A faithful, complete transcript of the entries below, without pictures, should be returned.

__Exercise materials__
###
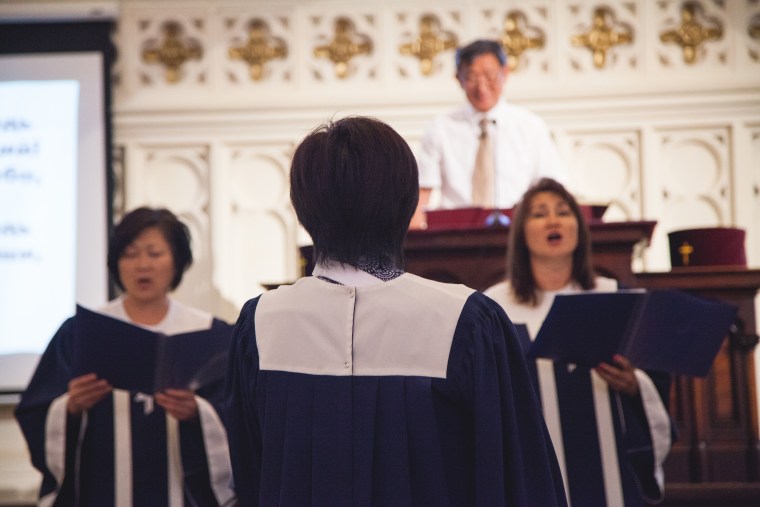 A woman sings during a Russian-language sermon led by the Rev. Leonid Kim in Brooklyn, New York.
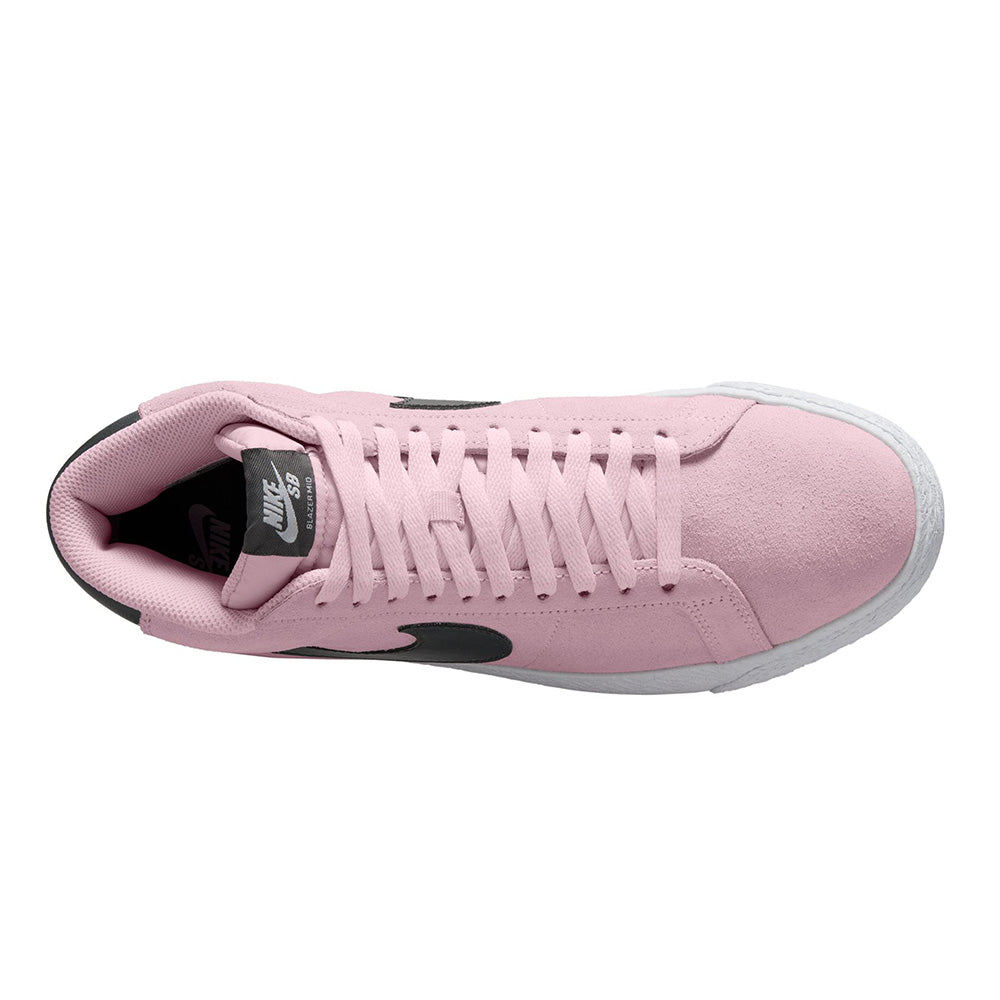 Top view of the NIKE SB BLAZER MID PINK FOAM/ANTHRACITE-WHITE-GUM YELLOW by Nike, featuring a pink upper, white sole, black swoosh, white laces, and Zoom Air cushioning—stylish and comfortable for skateboarding.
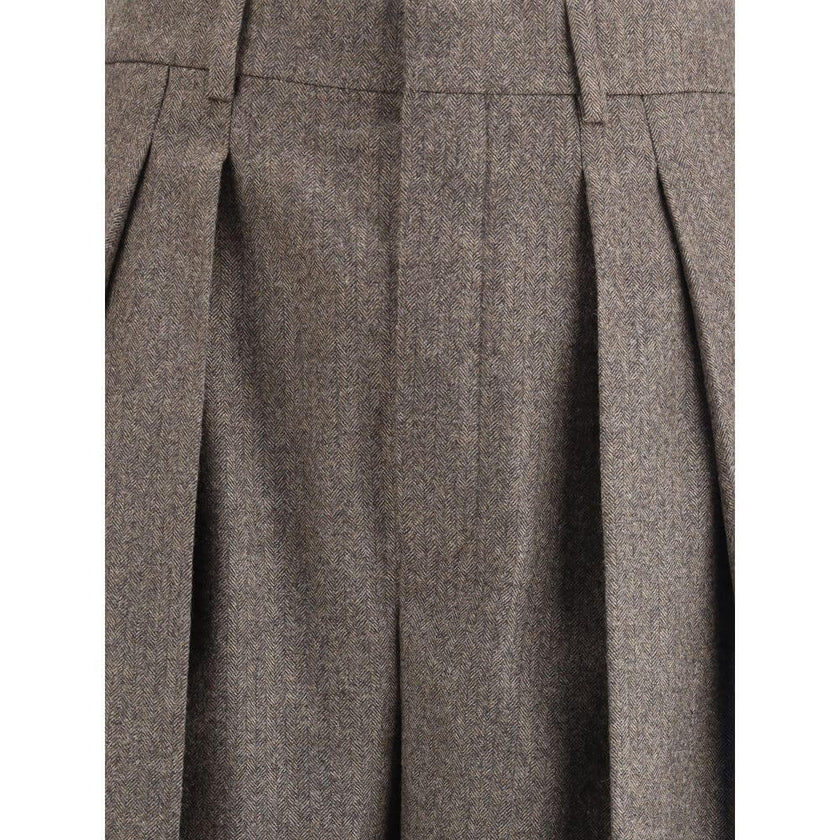 Wool Herringbone pattern wide leg PantsSaint Laurent’s wool Herringbone pattern wide leg Pants are an example of impeccable tailoring and timeless style. Featuring a medium waist and wide leg, they feature double pleats and a center crease that define an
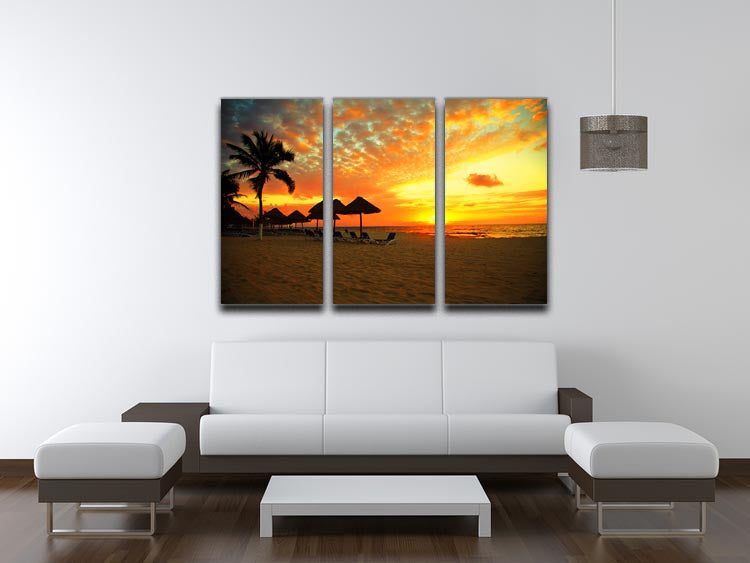A stunning 3-panel canvas print depicting a tropical beach sunset, showcasing vibrant colors and serene ocean waves.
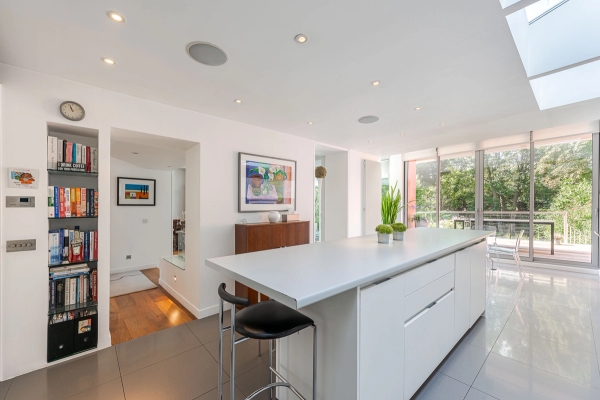 Modern open-plan kitchen looking through to a sunlit living space, suitable for domestic family lifestyle photography, Love Locations London.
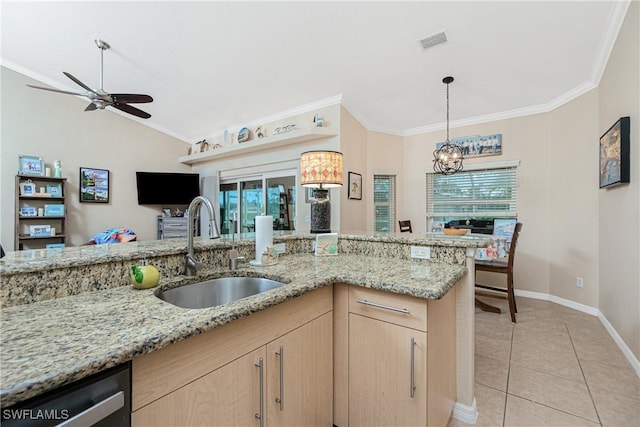 kitchen with dishwasher, light stone countertops, sink, and light brown cabinets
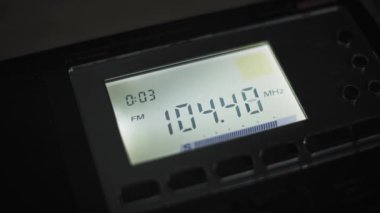 Karanlıkta arka ışıklandırılmış dijital radyo ekranının FM frekanslarını yaklaş. Bir kanalı ararken numaralar hızla dalgalanıyor, frekansın altında bir sinyal gücü ölçer var..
###
__Answer box__
 A woman sings during a Russian-language sermon led by the Rev. Leonid Kim in Brooklyn, New York.
 Top view of the NIKE SB BLAZER MID PINK FOAM/ANTHRACITE-WHITE-GUM YELLOW by Nike, featuring a pink upper, white sole, black swoosh, white laces, and Zoom Air cushioning—stylish and comfortable for skateboarding.
 Wool Herringbone pattern wide leg PantsSaint Laurent’s wool Herringbone pattern wide leg Pants are an example of impeccable tailoring and timeless style. Featuring a medium waist and wide leg, they feature double pleats and a center crease that define an
A stunning 3-panel canvas print depicting a tropical beach sunset, showcasing vibrant colors and serene ocean waves.
 Modern open-plan kitchen looking through to a sunlit living space, suitable for domestic family lifestyle photography, Love Locations London.
 kitchen with dishwasher, light stone countertops, sink, and light brown cabinets
 Karanlıkta arka ışıklandırılmış dijital radyo ekranının FM frekanslarını yaklaş. Bir kanalı ararken numaralar hızla dalgalanıyor, frekansın altında bir sinyal gücü ölçer var..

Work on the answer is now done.